Guthrie intends to provide clean drinking water for the Sudanese people as a demonstration of God’s love for them through his campaign called “Dollar for a Drink.”
“The concept is extremely simple,” Guthrie said. “Give up one drink, and instead give that $1 to help build a well in Sudan. Our objective is for one well, which is $8,000 …”
Guthrie said more than 12 million people in Sudan lack adequate access to clean water. Digging wells is also expensive, because the dry climate requires deep digging to get to the water.
In addition, Guthrie said the lack of water leads to tribal conflicts.
“So, in a way, putting in more wells not only eliminates the thirst, but also wars as well,” he said.
Guthrie is working on the project with Baptist Global Response, an international relief and development organization, which has set aside a specific well for which Guthrie is raising money. Once the money is collected, BGR will send in a team to dig the well, and the workers will use their time in Sudan as an opportunity to talk with people about the love of God.

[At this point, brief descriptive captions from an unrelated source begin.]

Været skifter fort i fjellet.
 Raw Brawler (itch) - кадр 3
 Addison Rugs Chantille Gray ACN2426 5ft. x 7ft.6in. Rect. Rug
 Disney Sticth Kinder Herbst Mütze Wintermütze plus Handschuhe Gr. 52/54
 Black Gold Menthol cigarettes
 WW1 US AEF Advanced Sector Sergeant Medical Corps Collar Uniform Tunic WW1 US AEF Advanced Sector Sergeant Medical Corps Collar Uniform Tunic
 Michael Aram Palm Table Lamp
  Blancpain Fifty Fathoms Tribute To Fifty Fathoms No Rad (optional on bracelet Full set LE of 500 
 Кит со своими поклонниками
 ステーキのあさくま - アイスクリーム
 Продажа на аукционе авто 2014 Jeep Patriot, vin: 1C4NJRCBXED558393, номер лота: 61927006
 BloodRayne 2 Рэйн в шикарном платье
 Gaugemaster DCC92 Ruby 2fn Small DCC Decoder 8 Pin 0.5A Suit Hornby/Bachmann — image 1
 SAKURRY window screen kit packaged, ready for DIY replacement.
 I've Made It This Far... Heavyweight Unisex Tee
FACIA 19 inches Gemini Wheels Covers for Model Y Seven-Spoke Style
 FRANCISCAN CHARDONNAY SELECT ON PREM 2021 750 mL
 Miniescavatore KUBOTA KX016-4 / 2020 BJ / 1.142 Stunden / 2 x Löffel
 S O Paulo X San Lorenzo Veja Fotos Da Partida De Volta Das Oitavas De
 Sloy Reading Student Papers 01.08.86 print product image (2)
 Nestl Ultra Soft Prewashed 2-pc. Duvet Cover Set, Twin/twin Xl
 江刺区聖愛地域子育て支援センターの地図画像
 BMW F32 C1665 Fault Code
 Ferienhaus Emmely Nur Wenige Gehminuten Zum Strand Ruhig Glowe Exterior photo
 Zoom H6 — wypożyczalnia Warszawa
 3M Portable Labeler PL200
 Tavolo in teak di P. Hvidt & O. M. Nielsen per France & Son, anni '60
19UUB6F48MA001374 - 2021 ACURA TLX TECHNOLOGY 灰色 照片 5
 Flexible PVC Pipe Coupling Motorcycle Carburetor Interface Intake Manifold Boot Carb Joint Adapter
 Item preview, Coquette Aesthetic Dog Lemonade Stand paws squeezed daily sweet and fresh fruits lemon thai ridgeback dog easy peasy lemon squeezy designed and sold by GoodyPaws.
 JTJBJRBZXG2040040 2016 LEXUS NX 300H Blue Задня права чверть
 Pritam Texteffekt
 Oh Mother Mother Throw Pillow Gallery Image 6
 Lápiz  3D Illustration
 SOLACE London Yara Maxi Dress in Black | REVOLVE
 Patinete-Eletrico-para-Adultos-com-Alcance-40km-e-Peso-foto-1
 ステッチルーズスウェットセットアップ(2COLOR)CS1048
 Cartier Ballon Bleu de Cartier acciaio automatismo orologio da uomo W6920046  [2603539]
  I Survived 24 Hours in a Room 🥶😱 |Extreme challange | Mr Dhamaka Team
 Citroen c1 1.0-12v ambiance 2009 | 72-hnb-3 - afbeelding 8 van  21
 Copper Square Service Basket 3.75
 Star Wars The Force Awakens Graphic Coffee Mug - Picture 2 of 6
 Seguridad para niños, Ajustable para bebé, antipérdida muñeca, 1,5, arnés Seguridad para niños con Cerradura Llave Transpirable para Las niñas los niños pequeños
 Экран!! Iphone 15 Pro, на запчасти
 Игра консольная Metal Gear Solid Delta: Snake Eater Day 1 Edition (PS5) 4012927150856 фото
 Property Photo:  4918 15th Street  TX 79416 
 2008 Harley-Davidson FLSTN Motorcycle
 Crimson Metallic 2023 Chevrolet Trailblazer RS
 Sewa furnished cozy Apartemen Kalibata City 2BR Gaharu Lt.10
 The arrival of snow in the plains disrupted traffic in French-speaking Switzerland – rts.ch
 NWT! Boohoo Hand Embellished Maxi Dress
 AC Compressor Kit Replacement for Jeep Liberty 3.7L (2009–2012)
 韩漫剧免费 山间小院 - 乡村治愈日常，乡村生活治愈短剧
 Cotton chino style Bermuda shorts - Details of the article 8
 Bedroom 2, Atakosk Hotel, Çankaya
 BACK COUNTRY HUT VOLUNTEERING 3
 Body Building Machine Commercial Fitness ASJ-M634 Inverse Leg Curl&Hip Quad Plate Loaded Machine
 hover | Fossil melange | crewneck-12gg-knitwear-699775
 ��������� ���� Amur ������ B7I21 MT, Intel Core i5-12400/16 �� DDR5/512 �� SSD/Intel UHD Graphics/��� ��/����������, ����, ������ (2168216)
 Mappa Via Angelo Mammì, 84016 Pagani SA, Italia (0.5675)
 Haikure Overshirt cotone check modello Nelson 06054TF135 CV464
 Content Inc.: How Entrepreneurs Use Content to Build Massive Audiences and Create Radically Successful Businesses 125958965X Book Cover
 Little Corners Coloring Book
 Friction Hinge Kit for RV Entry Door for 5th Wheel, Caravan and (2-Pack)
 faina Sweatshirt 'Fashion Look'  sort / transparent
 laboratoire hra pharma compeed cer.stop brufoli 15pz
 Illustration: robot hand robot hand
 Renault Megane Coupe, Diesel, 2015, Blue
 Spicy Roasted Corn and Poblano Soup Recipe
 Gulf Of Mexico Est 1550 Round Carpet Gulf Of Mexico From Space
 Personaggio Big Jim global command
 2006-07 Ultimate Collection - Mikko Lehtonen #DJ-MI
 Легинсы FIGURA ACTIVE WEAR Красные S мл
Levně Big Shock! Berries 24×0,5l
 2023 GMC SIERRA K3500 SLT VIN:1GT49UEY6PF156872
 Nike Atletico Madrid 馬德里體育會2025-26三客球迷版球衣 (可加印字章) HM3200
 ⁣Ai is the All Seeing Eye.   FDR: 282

The project launched in September. Though larger donations are welcomed, Guthrie is asking people to donate $1 – what it would cost them to purchase a soft drink – to the effort. Though some may think their small donation doesn’t matter, Guthrie disagrees.
“I like to think of every dollar as a droplet of water,” he said. “By itself, that droplet can’t do a whole lot of good. But if you combine them all, you really have this large power source that really can make a large dent in the situation in Sudan.”
At the time this story was written, Joshua had collected about $3,855.
“This is a way all of us can be doers of the word,” Guthrie said. “Right now, in the next few minutes, we can act on Jesus words’ where he said, ‘When I was thirsty, you gave me a drink.’ Our Sudanese brothers and sisters are the least of these, so we hope that people will not delay giving, but act now if the Spirit is prompting them.”
He especially hopes teenagers will get involved in the effort, perhaps adopting it as a project for their church youth groups.
“I really hope to be a motivation to other teenagers that it really doesn’t matter what your age is, you can make a difference in the world and overcome the low expectations of the culture,” he said.